From the records below, output exactly the lines running from the line containing "A sequence is" through the line containing "If ethics is to", and no others.
Start of Input data
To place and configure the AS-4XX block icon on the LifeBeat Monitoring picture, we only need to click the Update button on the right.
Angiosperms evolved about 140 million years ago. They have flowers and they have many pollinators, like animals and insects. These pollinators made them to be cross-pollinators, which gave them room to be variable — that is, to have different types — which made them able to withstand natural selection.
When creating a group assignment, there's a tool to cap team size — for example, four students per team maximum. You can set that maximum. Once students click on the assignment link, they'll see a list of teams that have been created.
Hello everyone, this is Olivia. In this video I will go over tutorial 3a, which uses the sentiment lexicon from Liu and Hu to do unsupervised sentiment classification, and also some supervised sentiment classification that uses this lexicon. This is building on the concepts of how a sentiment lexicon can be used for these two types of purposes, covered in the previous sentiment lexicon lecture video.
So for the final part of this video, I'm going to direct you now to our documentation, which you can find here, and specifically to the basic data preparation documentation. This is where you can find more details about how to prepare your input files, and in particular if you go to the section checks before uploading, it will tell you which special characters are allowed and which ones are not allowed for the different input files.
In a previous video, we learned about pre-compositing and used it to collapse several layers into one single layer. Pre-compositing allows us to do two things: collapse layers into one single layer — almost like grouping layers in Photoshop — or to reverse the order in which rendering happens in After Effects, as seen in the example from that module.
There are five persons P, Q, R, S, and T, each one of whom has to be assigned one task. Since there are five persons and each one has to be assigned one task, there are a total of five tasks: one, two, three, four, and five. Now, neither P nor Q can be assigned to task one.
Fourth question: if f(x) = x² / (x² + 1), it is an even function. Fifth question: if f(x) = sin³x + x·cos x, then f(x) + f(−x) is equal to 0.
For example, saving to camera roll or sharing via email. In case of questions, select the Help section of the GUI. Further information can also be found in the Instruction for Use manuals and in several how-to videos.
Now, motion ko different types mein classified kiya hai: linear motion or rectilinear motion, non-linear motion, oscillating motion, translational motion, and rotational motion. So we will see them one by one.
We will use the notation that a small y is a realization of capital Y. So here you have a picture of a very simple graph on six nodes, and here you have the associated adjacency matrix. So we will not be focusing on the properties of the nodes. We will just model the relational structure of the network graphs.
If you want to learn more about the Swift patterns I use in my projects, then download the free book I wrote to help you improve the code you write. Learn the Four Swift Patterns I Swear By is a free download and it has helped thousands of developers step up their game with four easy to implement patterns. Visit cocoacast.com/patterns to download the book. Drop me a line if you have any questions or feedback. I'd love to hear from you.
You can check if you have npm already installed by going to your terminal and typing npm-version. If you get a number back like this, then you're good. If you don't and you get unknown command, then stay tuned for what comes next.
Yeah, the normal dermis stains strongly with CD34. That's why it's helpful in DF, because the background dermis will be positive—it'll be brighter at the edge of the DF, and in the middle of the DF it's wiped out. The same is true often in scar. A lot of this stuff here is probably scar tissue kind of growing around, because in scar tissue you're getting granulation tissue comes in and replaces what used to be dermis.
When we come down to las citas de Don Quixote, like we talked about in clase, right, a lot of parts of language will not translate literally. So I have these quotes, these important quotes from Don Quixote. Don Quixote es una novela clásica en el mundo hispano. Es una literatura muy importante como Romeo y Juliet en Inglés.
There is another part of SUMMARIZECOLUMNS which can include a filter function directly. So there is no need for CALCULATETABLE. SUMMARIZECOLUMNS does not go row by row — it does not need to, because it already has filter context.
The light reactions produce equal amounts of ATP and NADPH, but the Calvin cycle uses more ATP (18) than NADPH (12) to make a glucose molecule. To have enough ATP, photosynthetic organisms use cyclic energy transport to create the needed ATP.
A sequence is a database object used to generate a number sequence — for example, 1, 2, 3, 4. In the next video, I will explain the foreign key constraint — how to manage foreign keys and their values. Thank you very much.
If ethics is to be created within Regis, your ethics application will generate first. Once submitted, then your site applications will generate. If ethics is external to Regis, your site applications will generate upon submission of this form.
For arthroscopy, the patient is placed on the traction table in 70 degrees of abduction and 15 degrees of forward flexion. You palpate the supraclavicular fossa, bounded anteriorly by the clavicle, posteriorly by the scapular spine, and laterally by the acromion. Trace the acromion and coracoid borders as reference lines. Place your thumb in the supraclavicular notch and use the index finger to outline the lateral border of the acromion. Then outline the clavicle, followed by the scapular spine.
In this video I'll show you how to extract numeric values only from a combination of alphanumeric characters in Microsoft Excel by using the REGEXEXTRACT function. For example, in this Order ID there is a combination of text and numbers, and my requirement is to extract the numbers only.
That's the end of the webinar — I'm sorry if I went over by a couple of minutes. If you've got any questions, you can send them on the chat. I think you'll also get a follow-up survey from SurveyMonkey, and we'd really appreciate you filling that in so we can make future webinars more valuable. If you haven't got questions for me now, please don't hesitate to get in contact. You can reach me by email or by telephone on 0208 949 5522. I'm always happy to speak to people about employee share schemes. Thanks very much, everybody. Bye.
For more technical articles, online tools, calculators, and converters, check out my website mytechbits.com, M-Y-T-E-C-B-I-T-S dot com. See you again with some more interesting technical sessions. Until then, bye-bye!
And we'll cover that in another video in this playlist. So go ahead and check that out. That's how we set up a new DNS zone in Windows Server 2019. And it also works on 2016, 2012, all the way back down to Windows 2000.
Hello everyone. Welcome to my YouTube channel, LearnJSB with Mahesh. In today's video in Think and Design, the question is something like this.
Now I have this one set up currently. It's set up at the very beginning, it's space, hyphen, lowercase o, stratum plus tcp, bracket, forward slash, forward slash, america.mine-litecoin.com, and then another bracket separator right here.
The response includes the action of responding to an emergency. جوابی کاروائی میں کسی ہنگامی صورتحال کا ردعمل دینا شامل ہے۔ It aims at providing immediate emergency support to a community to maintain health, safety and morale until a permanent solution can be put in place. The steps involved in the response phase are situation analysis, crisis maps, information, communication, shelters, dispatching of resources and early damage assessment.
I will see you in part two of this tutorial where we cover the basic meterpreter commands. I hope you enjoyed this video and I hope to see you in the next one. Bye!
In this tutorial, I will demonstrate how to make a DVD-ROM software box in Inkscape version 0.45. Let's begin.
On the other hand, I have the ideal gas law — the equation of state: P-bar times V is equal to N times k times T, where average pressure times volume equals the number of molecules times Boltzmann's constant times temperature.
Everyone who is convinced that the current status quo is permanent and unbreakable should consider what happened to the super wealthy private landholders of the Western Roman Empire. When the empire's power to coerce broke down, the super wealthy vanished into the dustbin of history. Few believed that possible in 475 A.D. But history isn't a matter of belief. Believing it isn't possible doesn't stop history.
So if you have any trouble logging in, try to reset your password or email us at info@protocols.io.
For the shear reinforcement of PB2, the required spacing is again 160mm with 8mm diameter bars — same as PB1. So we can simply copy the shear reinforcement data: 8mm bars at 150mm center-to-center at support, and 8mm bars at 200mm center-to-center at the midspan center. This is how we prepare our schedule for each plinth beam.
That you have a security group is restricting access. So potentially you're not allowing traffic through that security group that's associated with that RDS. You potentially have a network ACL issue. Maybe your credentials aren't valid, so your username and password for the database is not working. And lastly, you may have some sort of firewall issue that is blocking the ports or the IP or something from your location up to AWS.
End of Input data
» **Your solution**
A sequence is a database object used to generate a number sequence — for example, 1, 2, 3, 4. In the next video, I will explain the foreign key constraint — how to manage foreign keys and their values. Thank you very much.
If ethics is to be created within Regis, your ethics application will generate first. Once submitted, then your site applications will generate. If ethics is external to Regis, your site applications will generate upon submission of this form.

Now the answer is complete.